There could also be separate constraints for individual laws or groups of laws, and these could depend on the severity of the penalties.
Looser constraints like this seem like they could avoid issues of lexicality and prioritizing avoidance of breaking the law over everything we want the AI to actually do, since the surest way to avoid breaking the law completely would be to never do anything (although we could also have a separate constraint for this).
Of course, the constraints should depend on breaking the law, not just being caught breaking the law, so the AI should predict whether or not it will break the law, not merely whether or not it will be caught breaking the law.
The AI could also predict whether or not it will break laws that don't exist now but will in the future (possibly even in response to its actions).
What are the challenges and problems with such an approach? Would it be too difficult to capture such constraints? Are laws too imprecise or ambiguous for this? Can we just have the AI consider multiple interpretations of the laws or try to predict how a human (or human judge) would interpret the law and apply it to its actions given the information the AI has?

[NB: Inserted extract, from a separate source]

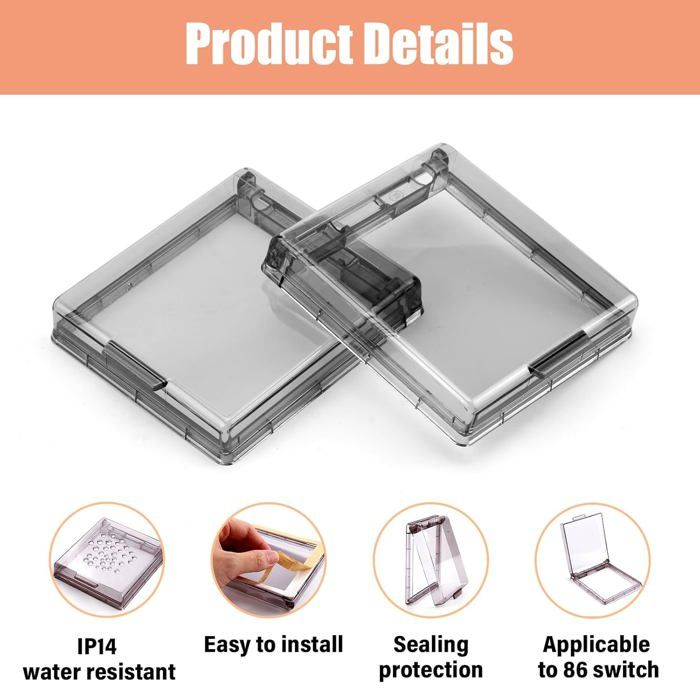 Lot De 4 Caches Interrupteurs Muraux Transparents – Protection Étanche Et Anti-Poussière Adhésive Pour Prises Et Interrupteurs Cuisine, Salle De Bain, Chambre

How much work should the AI spend on estimating the probabilities that it will break laws?
What kinds of cases would it miss, say, given current laws?

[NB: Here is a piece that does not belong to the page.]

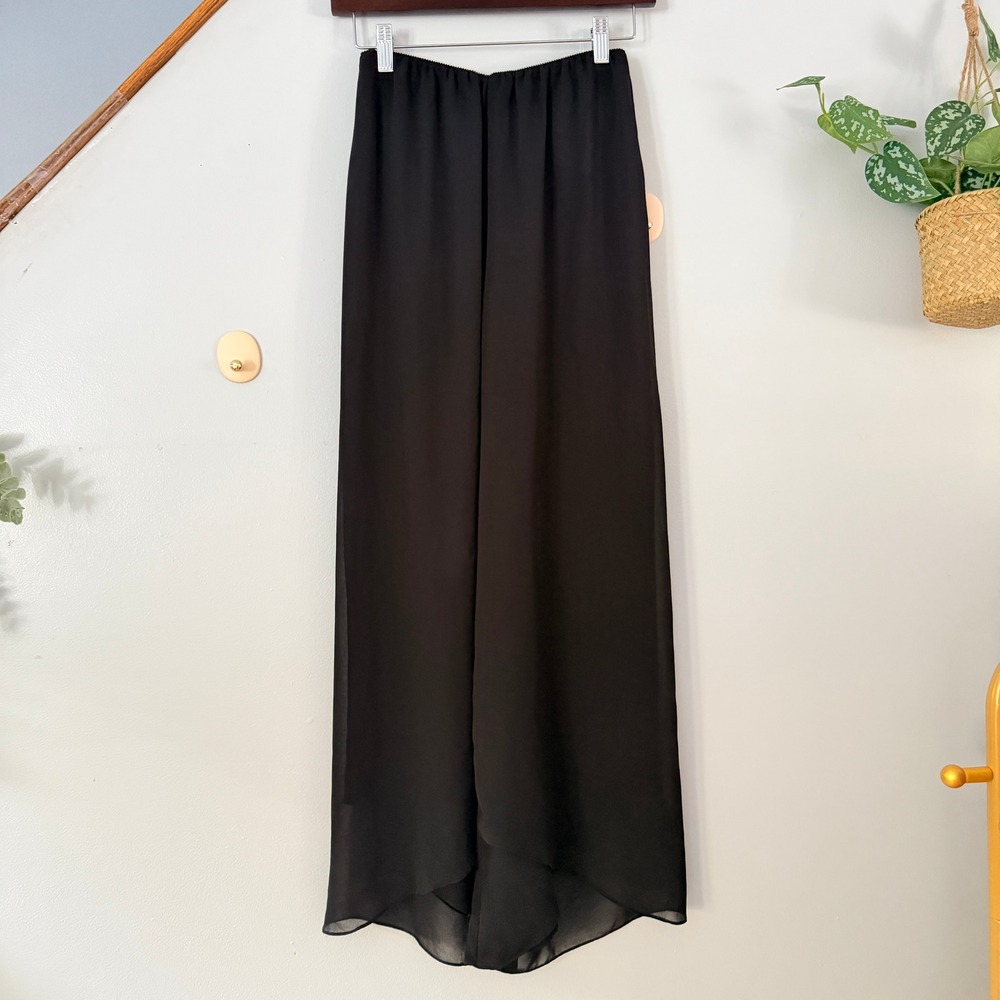 Atelier Danielle Petite Black Wide Leg Minimalist Palazzo Pants Nordstrom Goth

That's what you want, but the sentence "Maximize paperclips" doesn't imply it through any literal interpretation, nor does "Maximize paperclips" imply "maximize paperclips while killing at least one person". What I'm looking for is logical equivalence, and adding qualifiers about whether or not people are killed breaks equivalence.
I think much more is hidden in "good", which is something people have a problem specifying fully and explicitly. The law is more specific and explicit, although it could be improved significantly.
That's true. I looked at the US Code's definition of manslaughter and it could, upon a literal interpretation, imply that helping someone procreate is manslaughter, because bringing someone into existence causes their death. That law would have to be rewritten, perhaps along the lines of "Any particular person dies at least x earlier with probability > p than they would have by inaction", or something closer to the definition of stochastic dominance for time of death (it could be a disjunction of statements). These are just first attempts, but I think they could be refined enough to capture a prohibition on killing humans to our satisfaction, and the AI wouldn't need to understand vague and underspecified words like "good".
We would then do this one by one for each law, but spend a disproportionate amount of time on the more important laws to get them right.
(Note that laws don't cover nonidentity cases, as far as I know.)